Przerażająca Tfurczość Własna > Rodzina Rodzinie, czyli nasze własne odcinki

Odcinek 7: Supeł (cz.1)

(1/1)

Urzędnik:
29 lutego 2004 r - popołudnie

<odgłos otwieranych drzwi>

Grzegorz <w oddali>: Ratunku! Pomocy!

Dziadek: Co, znowu?

Maryla: Co "znowu"?

Grzegorz <w oddali>: Pomoże mi ktoś?! Słyszę was, damrozjady!

Dziadek: No znowu w kiblu siedzi. GRZESIU! Zaklinowałeś się w oczku ustępowym[1]? Znowu?

<odgłos miauczenia>

Maryla: Grzesiu, to ty? Miauczysz?

Grzegorz <w oddali>: ZABIERZCIE TEGO KOTA! Jestem uczulony.

Maryla: Jakiego kota?

Dziadek: TEGO! Tego, co siedzi pod drzwiami ustępu.

Grzegorz <w oddali>: Tak, tego! Dokładnie tego. Weźcie i wyrzućcie go z domu.

Maryla: Ty chyba oszalałeś, mamy wakat po murzynie. Na etacie psa, najprawdopodobniej.

Grzegorz <w oddali>: Właśnie dlatego. Właśnie dlatego macie się go pozbyć.

Dziadek: No więc w przełomowym roku 1945, kiedy marszałek Żukow zażyczył sobie płaskomordych kotów jako trofeów wojennych z tfu! Berlina, a był to maj, to miast kotów nasi proletariaccy żołnierze naznosili, niestety, płaskomordych, ale psów, zwanych pekińskimi. Te burżuazyjne pomioty wilka i żelazka...

Grzegorz <w oddali>: Czy wreszcie weźmiecie tego kota?!

<odgłos zamykanych drzwi>

Dziadek: ...zdradziecko i złośliwi zaczęły niezwłocznie kolaborować z podziemiem poniemieckim a także donosić do zachodnioniemieckich kręgów reakcyjnych. A więc uważam od tego czasu, że kot jest lepszy od psa.

Maryla: Ja ojca, najprawdopodobniej, nie poznaję! Tyle lat nasz wierny piesek nam towarzyszył, nasz kochany Murzynek <płaczliwie> z którym nie wiadomo, co się dzieje, jakie ma smutki i strapienia.

Dziadek: I na koniec co?
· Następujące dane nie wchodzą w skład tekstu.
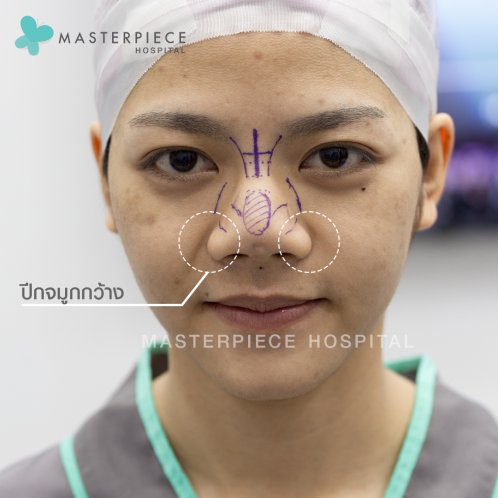 ตัดปีกจมูกอย่างเดียวไม่ต้องเสริมก็สวยได้? ตัดปีกจมูกอย่างเดียวไม่ต้องเสริมก็สวยได้?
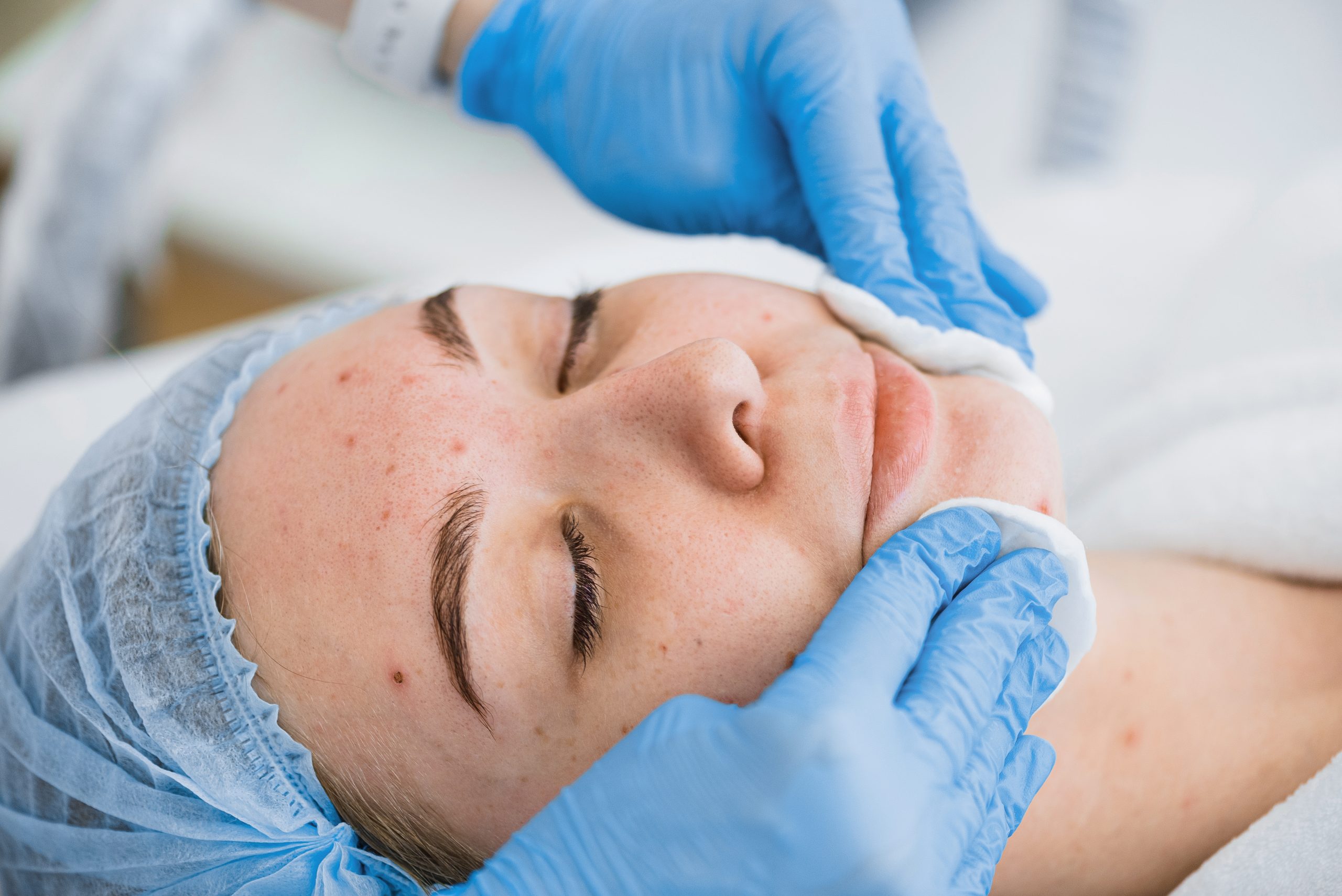 Patient’s facial skin before receiving a chemical peel at Just Lose Weight MD Clinic, showing uneven tone, fine lines, and acne scars.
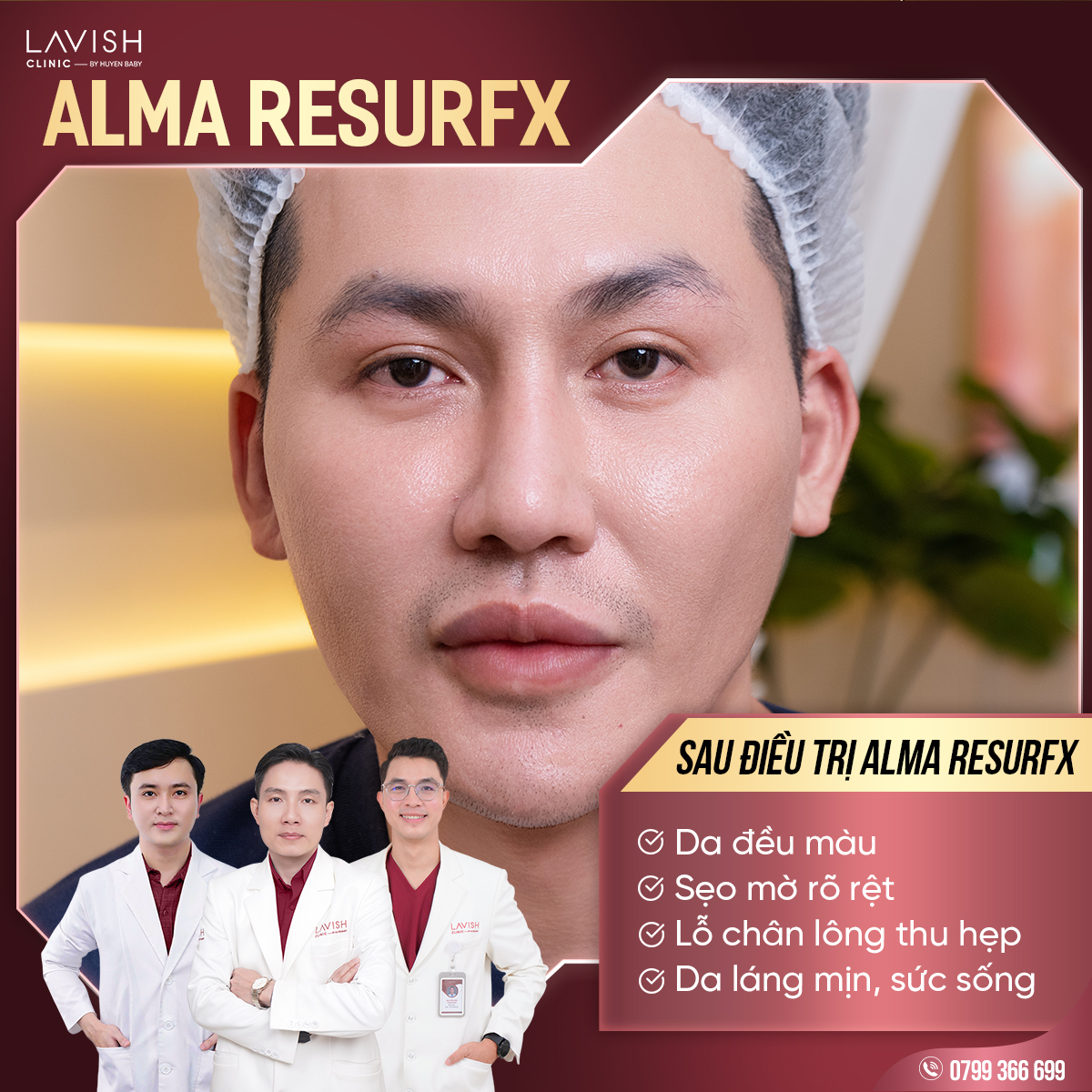 lavishclinictriseorohieuqua_almaresurfx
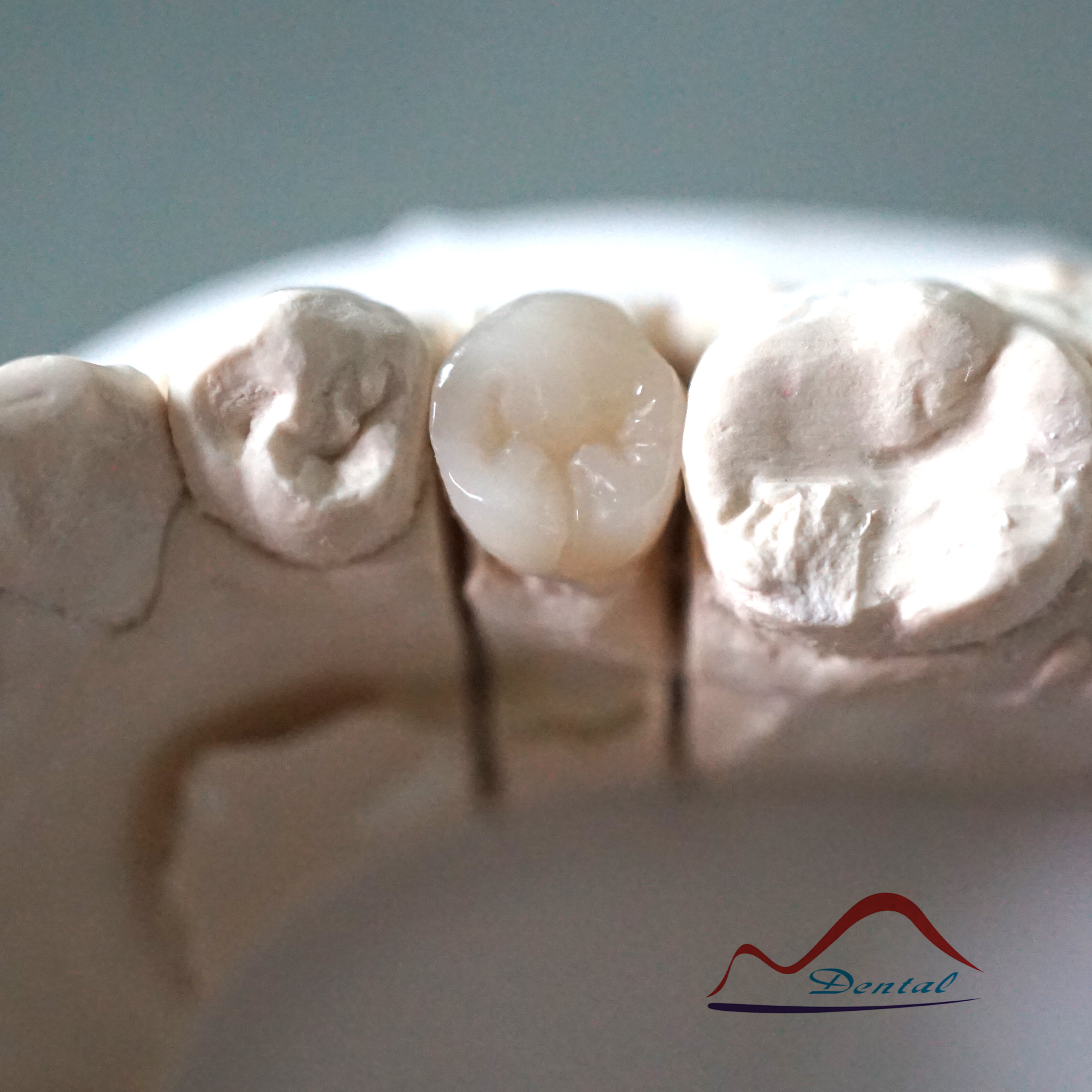 Dental Composite Resin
A na koniec zdradził nas jak ostatni, zakonspirowany pies.

Grzegorz <w oddali>: Czy ktoś coś z tym kotem wreszcie zrobił?!

Maryla <konspiracyjnie>: Ojcze?

Dziadek <konspiracyjnie>: Nie, nie mówmy że wyszedł.

Maryla <ze śmiechem>: Grzesiu, najprawdopodobniej nie, nikt nic z kotem nie zrobił. Siedź tam sobie dalej.


===

[1] w języku ustaw i rozporządzeń funkcjonujący (lub mający być sprawnym> Wielki Porcelanowy Tron jest zwany właśnie oczkiem ustępowym.

Cezarian:
Ciekawe kiedy głód przemoże uczulenie na koty? Tym bardziej, że jakby do tego nie podchodzić, oczko ustępowe stopniowo wzmaga poczucie głodu.

Urzędnik:
Niedługo Poszepszynścy pójdą do pracy, względnie coś zakombinują, tudzież zostaną drodnymi przedsiębiorcami.

Coś-tam zjedzą. COŚ TAM.

Cezarian:
Wszyscy? Przecież to niemożliwe, żeby Dziadek i Marylka pracowali? Nigdy tego nie robili, normalnie pokolenie Z.